[Start of section]
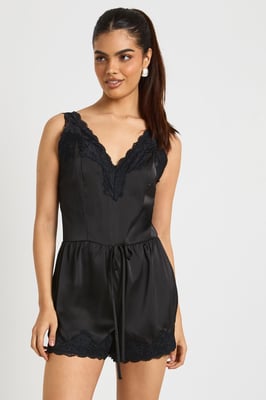 Lace Trim Satin Flippy Short Playsuit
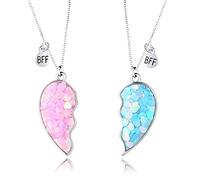 2 Piezas Cadenas de BFF Collar, Collar Mejores Amigas, BFF Collares para 2, Cadena de la Amistad Mejores Amigos, Best Friends Cadena con Colgante, Amigos Collar para Siempre para Mujeres Y Niñas
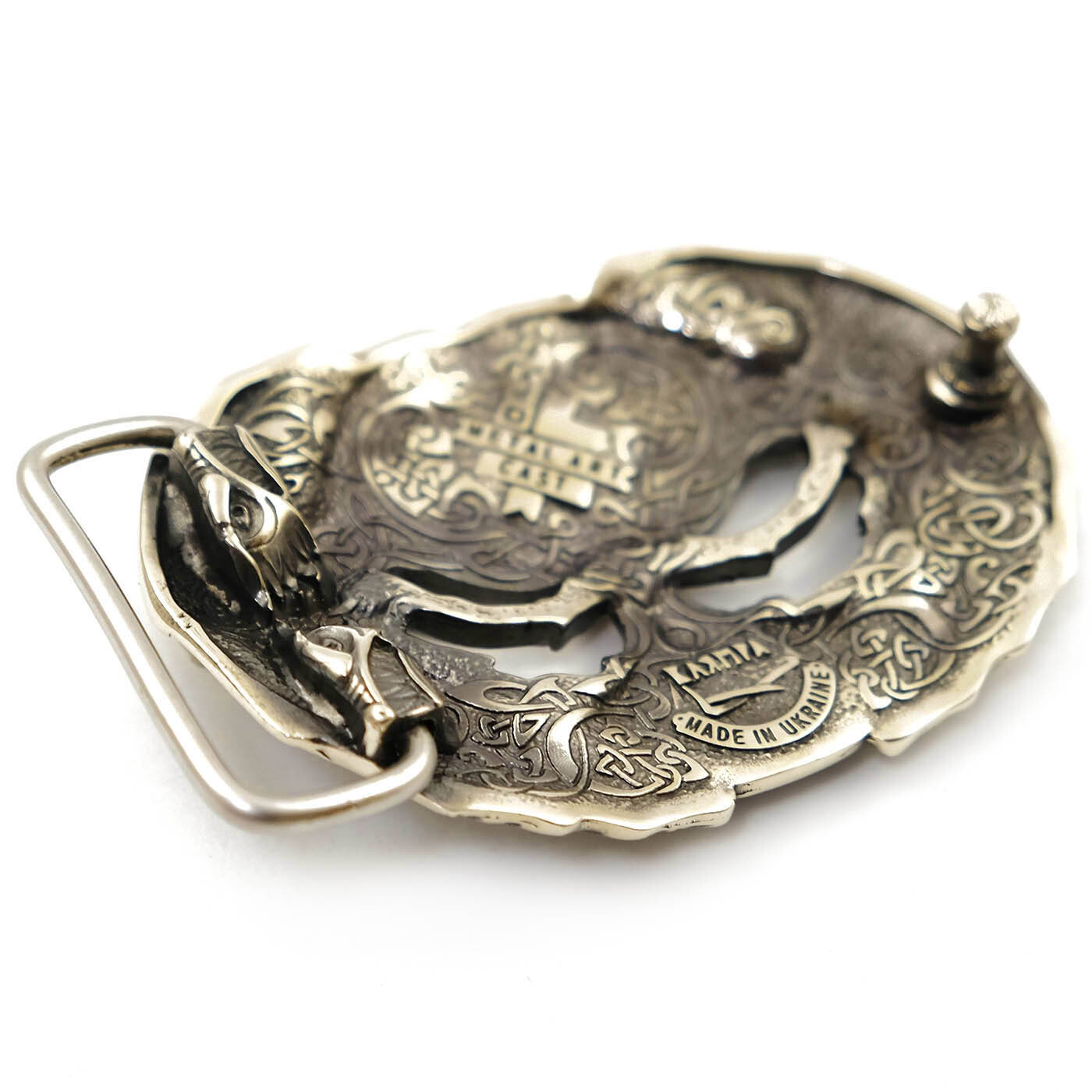 German silver belt buckle Yggdrasil, Norse mythology, Scandinavian tree of life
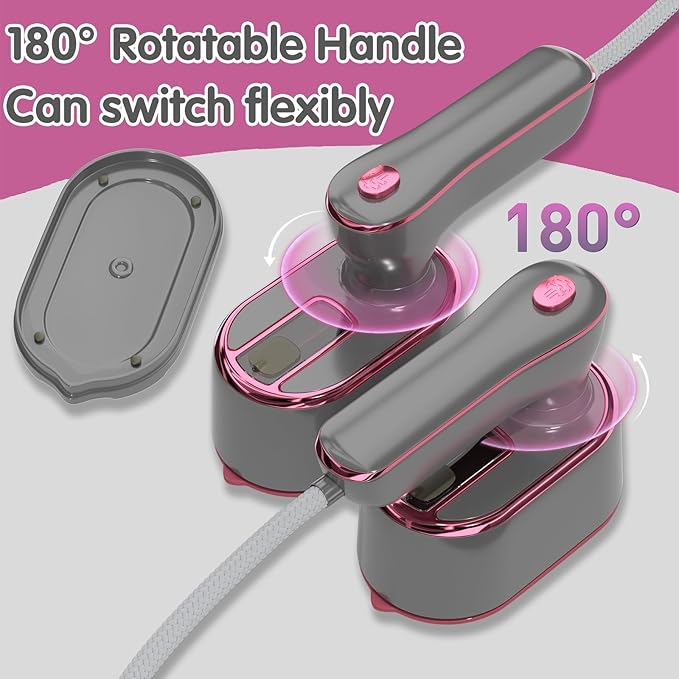Travel Steamer Iron for Clothes - Portable Ironing Machine Small Size Portable Steamer Travel College Dorm Home Essentials (LightGrey)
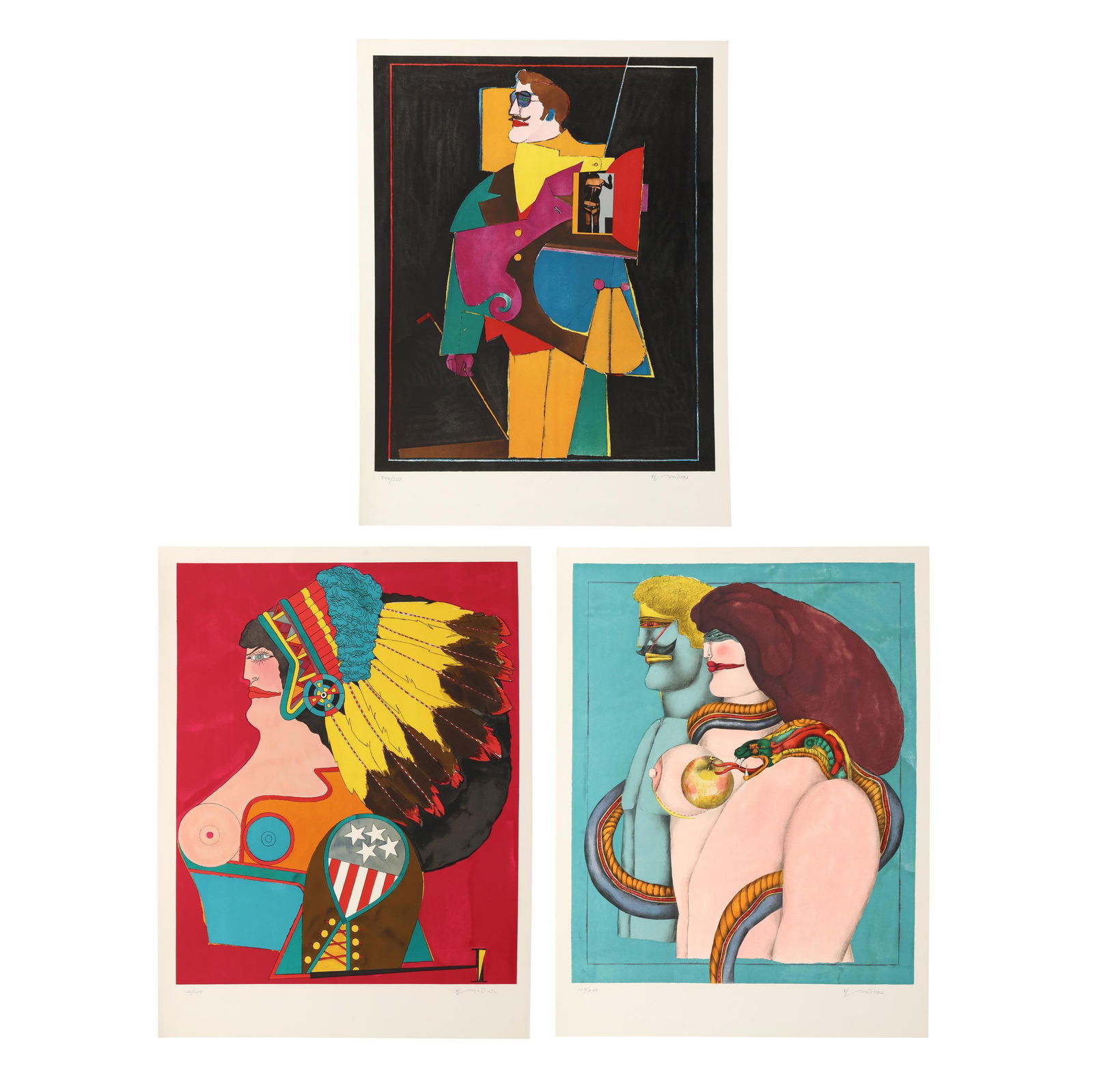 Richard Lindner (German, 1901-1978),  Heart  /  How It All Began  /  Miss American Indian  (from (1 of 15)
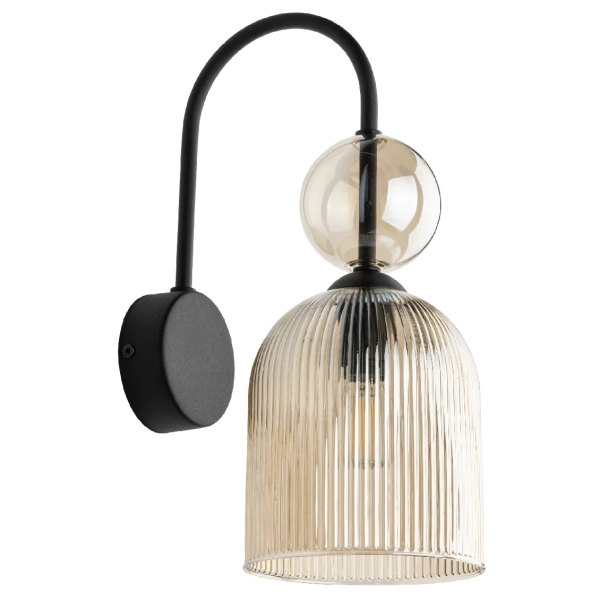 Ścienna lampa szklana Sophia Cognac 11140 ryflowana kula koniak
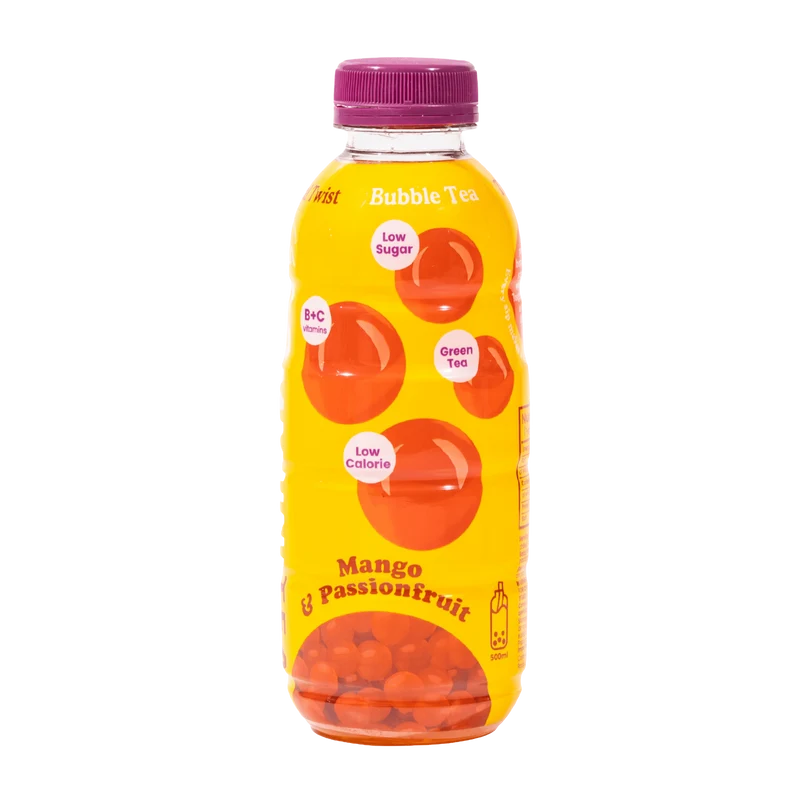 Mango & Passionfruit Bubble Tea with Popping Boba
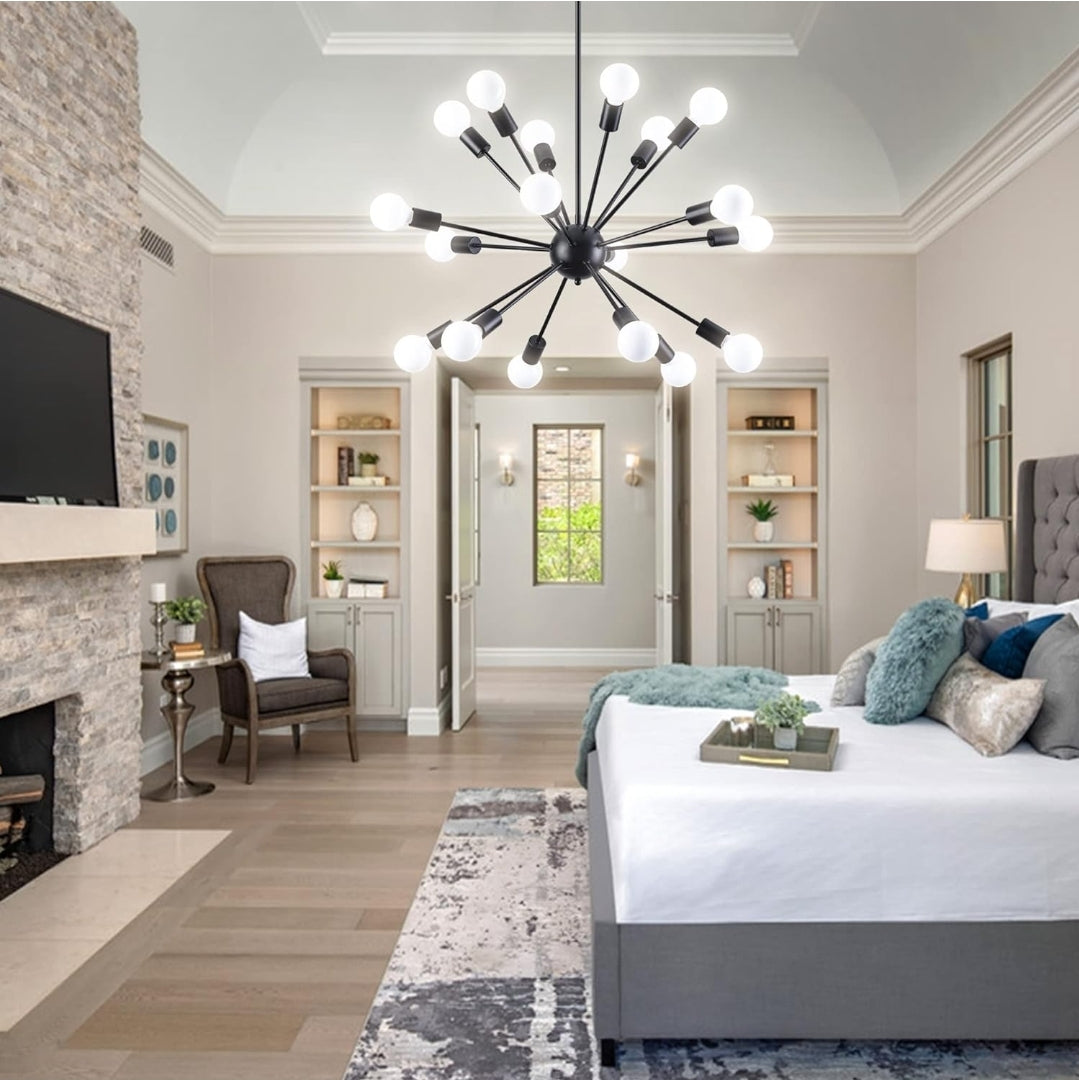 Black Chandelier for Dining Room 18 Lights Adjustable Modern Sputnik Chandeliers Hanging Vintage Industrial Ceiling Lighting Fixtures for Kitchen Island Hallway Bedroomm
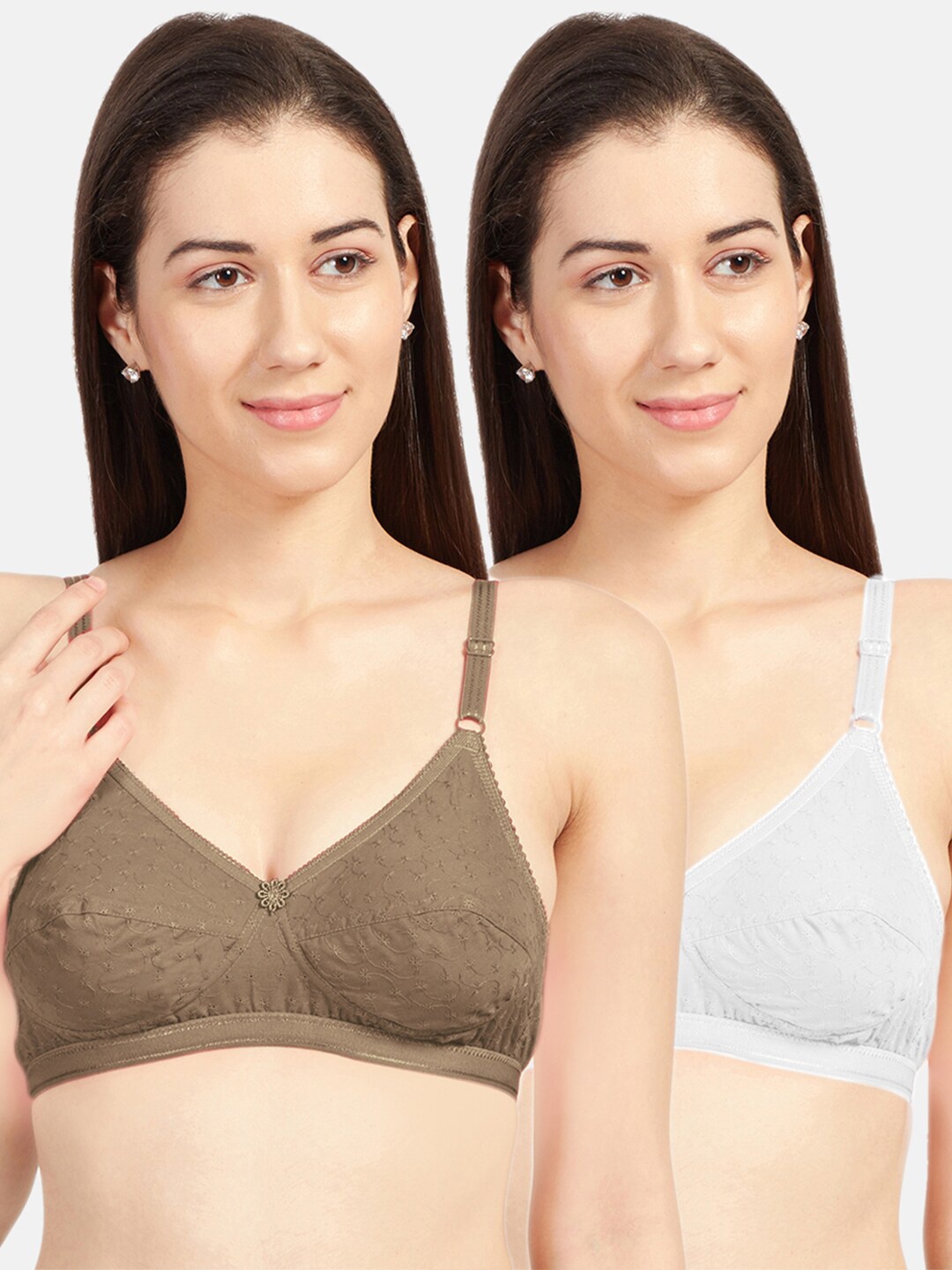 

Sonari Olive Green & White Pack of 2 Non Wired Non Padded Cotton Everyday Bra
[End of section]
TASK TO COMPLETE: Write the material out again exactly. Skip each picture.

SOLUTION TO THIS TASK:
 Lace Trim Satin Flippy Short Playsuit
 2 Piezas Cadenas de BFF Collar, Collar Mejores Amigas, BFF Collares para 2, Cadena de la Amistad Mejores Amigos, Best Friends Cadena con Colgante, Amigos Collar para Siempre para Mujeres Y Niñas
 German silver belt buckle Yggdrasil, Norse mythology, Scandinavian tree of life
Travel Steamer Iron for Clothes - Portable Ironing Machine Small Size Portable Steamer Travel College Dorm Home Essentials (LightGrey)
 Richard Lindner (German, 1901-1978),  Heart  /  How It All Began  /  Miss American Indian  (from (1 of 15)
 Ścienna lampa szklana Sophia Cognac 11140 ryflowana kula koniak
 Mango & Passionfruit Bubble Tea with Popping Boba
 Black Chandelier for Dining Room 18 Lights Adjustable Modern Sputnik Chandeliers Hanging Vintage Industrial Ceiling Lighting Fixtures for Kitchen Island Hallway Bedroomm

Sonari Olive Green & White Pack of 2 Non Wired Non Padded Cotton Everyday Bra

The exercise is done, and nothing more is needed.